Exercise details
Below, find the line containing "6661 Meade St, Hollywood FL 33024" and the line containing "relação com Argentina"; reproduce exactly those two and every line between them, omitting pictures.

Data under study
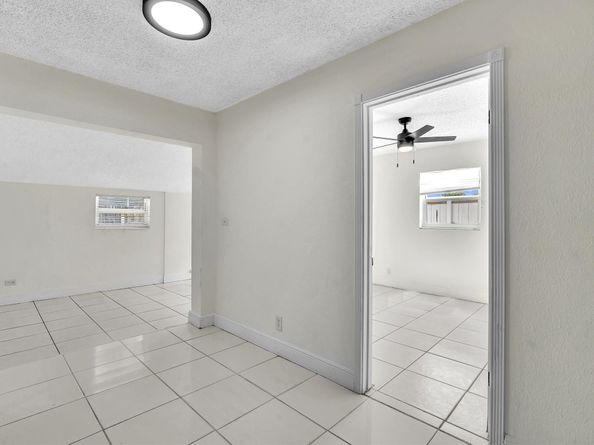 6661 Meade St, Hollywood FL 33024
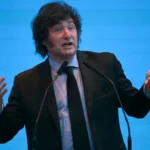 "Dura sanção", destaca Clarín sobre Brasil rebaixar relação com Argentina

==

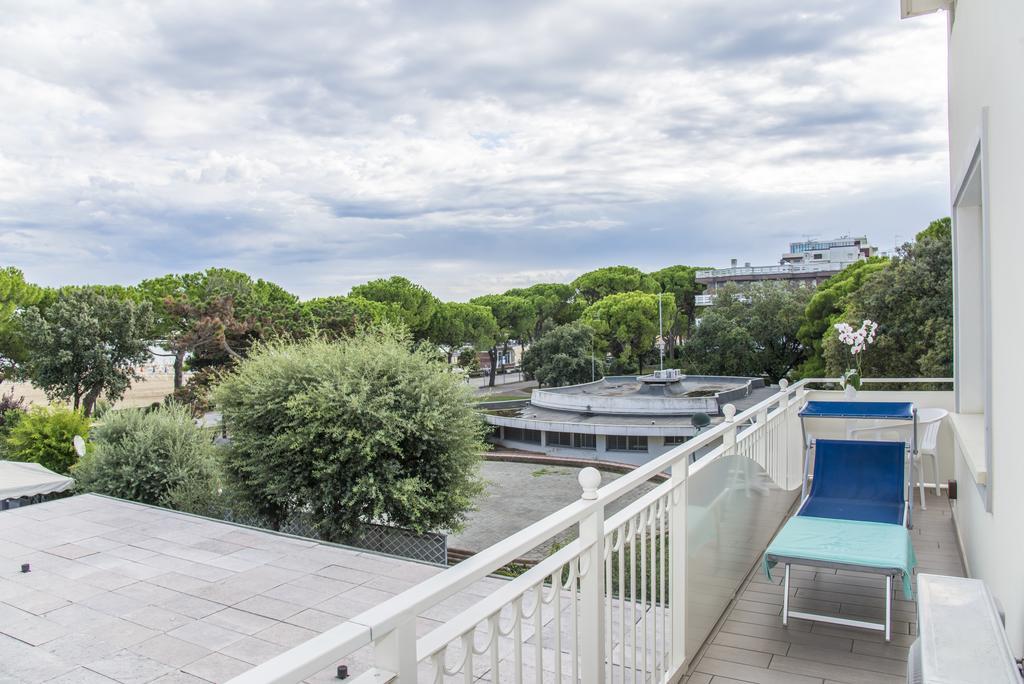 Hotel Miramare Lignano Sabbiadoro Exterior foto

==

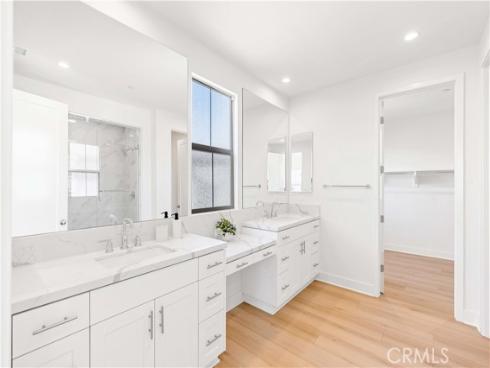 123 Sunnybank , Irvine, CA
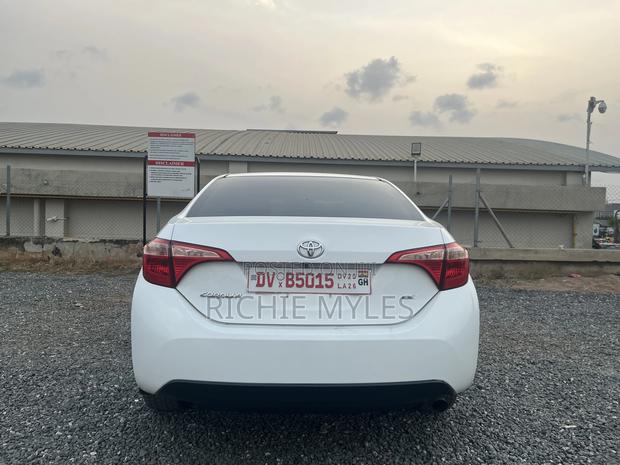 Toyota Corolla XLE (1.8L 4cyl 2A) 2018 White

Completed task
 6661 Meade St, Hollywood FL 33024
 "Dura sanção", destaca Clarín sobre Brasil rebaixar relação com Argentina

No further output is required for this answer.